Indirect mechanisms of action of a novel IgG1 monoclonal antibody, NEO-201, to enhance immune killing of tumor.

Abstract

17 Background: NEO-201 is an IgG1 mAb targeting variants of CEACAM5/6 that demonstrates tumor sensitivity and specificity. Functional analysis revealed that NEO-201 is capable of engaging innate immune effector mechanism including ADCC and CDC to directly kill tumor cells expressing its target. Previous studies demonstrated safety/tolerability in non-human primates, and an on going clinical trial at the NCI is currently exploring its dosing and safety. We have explored indirect mechanisms of its action that may enhance immune tumor killing. NEO-201 has the ability to enhance NK activity by blocking the binding of CEACAM5 on tumor cells to CEACAM1 on NK cells. In addition NEO-201 can target and eliminate regulatory T cells (Tregs). Methods: In vitro functional assays, using various human tumor cell lines as target cells and NK-92 cells (CEACAM1+/CD16−) as effectors, were conducted to assess the ability of NEO-201to enhance antitumor cytotoxicity of NK-92 cells by blocking the interaction between CEACAM5 on tumor cells and CEACAM1 on NK cells. In addition, flow cytometry analsyis and CDC assays were performed to evaluate the ability of NEO-201 to target and eliminate human Tregs in vitro.

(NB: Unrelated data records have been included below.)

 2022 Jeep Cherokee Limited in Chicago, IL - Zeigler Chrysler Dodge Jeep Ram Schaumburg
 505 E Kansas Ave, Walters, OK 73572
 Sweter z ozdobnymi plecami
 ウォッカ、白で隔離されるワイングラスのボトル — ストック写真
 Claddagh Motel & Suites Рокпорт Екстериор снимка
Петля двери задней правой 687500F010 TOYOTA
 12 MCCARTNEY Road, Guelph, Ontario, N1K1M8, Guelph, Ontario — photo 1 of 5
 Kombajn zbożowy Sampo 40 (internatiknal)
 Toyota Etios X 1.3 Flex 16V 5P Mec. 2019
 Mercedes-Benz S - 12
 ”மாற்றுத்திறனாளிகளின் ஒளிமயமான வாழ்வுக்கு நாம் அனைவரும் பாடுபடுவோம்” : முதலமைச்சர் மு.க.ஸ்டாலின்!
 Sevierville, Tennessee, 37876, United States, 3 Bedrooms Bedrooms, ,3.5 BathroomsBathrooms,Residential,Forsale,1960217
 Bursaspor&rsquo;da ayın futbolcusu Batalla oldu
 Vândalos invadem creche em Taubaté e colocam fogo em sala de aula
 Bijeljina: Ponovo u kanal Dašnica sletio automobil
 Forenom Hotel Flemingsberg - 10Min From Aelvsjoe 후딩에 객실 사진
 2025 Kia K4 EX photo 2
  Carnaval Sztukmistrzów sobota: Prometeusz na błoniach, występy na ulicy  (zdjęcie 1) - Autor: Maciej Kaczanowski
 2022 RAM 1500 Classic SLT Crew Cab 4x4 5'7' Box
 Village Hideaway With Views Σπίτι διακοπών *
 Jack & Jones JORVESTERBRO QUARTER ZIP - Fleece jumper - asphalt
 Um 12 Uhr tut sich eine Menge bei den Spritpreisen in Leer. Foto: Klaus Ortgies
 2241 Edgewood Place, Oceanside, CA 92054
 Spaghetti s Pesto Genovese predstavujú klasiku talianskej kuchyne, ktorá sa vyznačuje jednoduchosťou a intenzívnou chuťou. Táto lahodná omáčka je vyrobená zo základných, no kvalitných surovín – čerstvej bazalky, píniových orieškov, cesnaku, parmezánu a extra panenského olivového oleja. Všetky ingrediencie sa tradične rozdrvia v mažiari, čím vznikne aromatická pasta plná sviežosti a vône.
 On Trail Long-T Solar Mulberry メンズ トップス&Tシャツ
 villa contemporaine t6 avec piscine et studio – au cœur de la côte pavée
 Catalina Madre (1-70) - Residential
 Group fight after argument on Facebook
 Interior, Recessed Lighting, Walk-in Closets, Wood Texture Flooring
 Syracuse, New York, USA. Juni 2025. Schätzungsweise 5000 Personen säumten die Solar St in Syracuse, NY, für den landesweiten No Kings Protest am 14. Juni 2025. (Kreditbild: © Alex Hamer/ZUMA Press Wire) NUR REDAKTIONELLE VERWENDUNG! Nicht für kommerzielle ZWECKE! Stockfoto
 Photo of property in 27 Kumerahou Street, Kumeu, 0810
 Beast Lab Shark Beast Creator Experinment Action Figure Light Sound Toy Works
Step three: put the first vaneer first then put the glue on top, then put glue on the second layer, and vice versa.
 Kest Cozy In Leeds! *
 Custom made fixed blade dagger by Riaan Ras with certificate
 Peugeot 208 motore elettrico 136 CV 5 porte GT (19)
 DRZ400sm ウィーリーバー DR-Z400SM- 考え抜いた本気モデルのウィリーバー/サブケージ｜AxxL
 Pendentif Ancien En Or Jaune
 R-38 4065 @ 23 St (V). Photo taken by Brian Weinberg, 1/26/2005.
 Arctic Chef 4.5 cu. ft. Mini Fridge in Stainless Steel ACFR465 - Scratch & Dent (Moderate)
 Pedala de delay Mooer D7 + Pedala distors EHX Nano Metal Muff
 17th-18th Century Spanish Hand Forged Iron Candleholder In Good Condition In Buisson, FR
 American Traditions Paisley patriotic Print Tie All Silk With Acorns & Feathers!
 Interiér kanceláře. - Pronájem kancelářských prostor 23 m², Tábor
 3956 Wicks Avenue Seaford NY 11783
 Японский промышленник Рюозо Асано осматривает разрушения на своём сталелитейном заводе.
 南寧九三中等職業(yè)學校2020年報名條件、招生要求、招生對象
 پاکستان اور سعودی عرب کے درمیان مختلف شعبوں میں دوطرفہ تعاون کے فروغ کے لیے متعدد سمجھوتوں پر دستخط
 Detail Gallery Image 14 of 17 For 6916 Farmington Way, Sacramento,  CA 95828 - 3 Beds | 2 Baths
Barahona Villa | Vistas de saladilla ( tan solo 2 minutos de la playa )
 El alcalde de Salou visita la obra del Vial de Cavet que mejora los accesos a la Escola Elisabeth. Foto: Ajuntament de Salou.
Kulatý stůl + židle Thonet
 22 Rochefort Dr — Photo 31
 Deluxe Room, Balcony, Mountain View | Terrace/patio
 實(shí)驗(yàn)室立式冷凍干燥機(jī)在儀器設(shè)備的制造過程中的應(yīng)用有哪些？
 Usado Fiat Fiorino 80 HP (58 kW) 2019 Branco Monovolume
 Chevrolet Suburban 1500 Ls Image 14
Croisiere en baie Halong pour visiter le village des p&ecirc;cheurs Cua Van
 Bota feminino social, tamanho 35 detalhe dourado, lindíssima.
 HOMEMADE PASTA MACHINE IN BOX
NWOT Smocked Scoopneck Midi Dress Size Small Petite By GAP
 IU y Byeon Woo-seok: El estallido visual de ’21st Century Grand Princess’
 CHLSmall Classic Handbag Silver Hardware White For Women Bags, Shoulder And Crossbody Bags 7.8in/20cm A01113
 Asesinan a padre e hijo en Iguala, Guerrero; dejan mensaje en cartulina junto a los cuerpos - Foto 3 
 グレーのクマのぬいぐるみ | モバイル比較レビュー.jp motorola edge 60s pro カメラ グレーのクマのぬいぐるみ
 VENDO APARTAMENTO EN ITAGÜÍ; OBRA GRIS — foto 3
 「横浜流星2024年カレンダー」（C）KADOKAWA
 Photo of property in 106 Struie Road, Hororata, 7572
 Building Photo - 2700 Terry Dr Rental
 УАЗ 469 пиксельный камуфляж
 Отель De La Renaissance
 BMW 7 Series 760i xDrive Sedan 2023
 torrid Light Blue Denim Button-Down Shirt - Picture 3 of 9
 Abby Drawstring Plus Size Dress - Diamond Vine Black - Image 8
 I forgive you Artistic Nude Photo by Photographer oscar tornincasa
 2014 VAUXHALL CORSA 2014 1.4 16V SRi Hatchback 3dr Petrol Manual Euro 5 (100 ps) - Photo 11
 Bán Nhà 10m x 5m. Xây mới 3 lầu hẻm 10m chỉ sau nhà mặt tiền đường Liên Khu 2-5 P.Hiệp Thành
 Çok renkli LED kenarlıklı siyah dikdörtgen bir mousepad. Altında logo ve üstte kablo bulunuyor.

Results: Addition of NEO-201 significantly enhanced NK-92 cell cytotoxicity against highly CEACAM5+/NEO-201+ cells, suggesting that its activity is correlated with the level of CEACAM5+/NEO-201+ tumor cells. Furthermore, NEO-201 targets human Tregs and mediates killing of opsonized T-reg cells via CDC. Conclusions: Previously we have demonstrated the ability of NEO-201 as an IgG1 mab to destroy tumor cells expressing its target directly through both ADCC and CDC. This study suggests that in addition, NEO-201may also mediate immune killing through additional mechanisms including blocking the interaction between CEACAM5 on tumor cells and CEACAM1 on NK cells to reverse CEACAM1-dependent inhibition of NK cytotoxicity. In addition, we have shown that NEO-201 is also able to recognize and eliminate human Tregs. Ongoing studies are looking at leveraging this phenomenon by combining NEO-201 with checkpoint inhibitors.